We all have others. They’re the people who seem different from us. They may include people who don’t look like you, speak your language, share your background, think like you, vote like you, or worship like you. They can be people who have more or less education, money, health, beauty, fame, or influence. They can live in a different country, a different state, a different neighborhood, a different street, or just a different kind of house.
Jesus once asked, “And if you greet only your brothers, what more are you doing than others?” (Matthew 5:47). We tend to gravitate towards those most like us while ignoring the others. And in so doing, we are really no different from the others.
Jesus once accepted an invitation to dine at the home of a Pharisee named Simon. Even though Jesus was a fellow Jew committed to God and Scripture, Pharisees viewed him as an “other.” The Pharisees had lots of “others.” That’s the problem with otherness. We can always find a new way to classify and divide fellow human beings in such a way that we demonize or marginalize them as something “other.”
Simon’s dinner party ended up being crashed by another kind of “other.” In Simon’s eyes, she was nothing more than a sinner, the worst kind of other.
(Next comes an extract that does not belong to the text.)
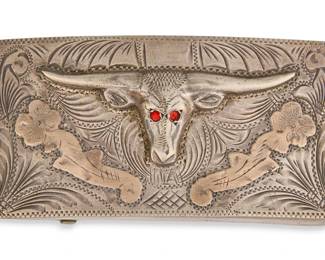 Mexican Sterling Silver Longhorn Belt Buckle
He seethed as this woman of ill-repute showered the Lord with her tears and oil. All Simon could think was “How could a man – especially a supposed prophet – having anything to do with a woman like her?”
Jesus could have viewed both Simon and the woman as others. Instead he graciously accepted the Pharisee’s invitation to dinner, and he graciously accepted the kindness extended by the woman. They both were sinners in need of grace. Only one recognized and received that need.
Jesus taught us both in his words and actions that we are to love others as we love ourselves. The willingness to love others is to be the ultimate distinguishing mark of Christians. Too often, though, we turn ourselves into an isolated tribe while leaving the others to fend for themselves. Even worse, we may contribute to their otherness by ignoring or ostracizing them.
There will always be others. The test for us is how do we view them, speak of them, and above all, serve them. Does it mean we always agree with them? Certainly not. Does it mean that they always respond to us with gratitude? They ended up killing Jesus. And in his death, Jesus continued to love and serve others, including you and me.
The world will always look down upon others. If you respond in kind, you become just like the world. You have been called out of this world to love others in a way the world has never seen. When you do, others will be blessed. And so will you.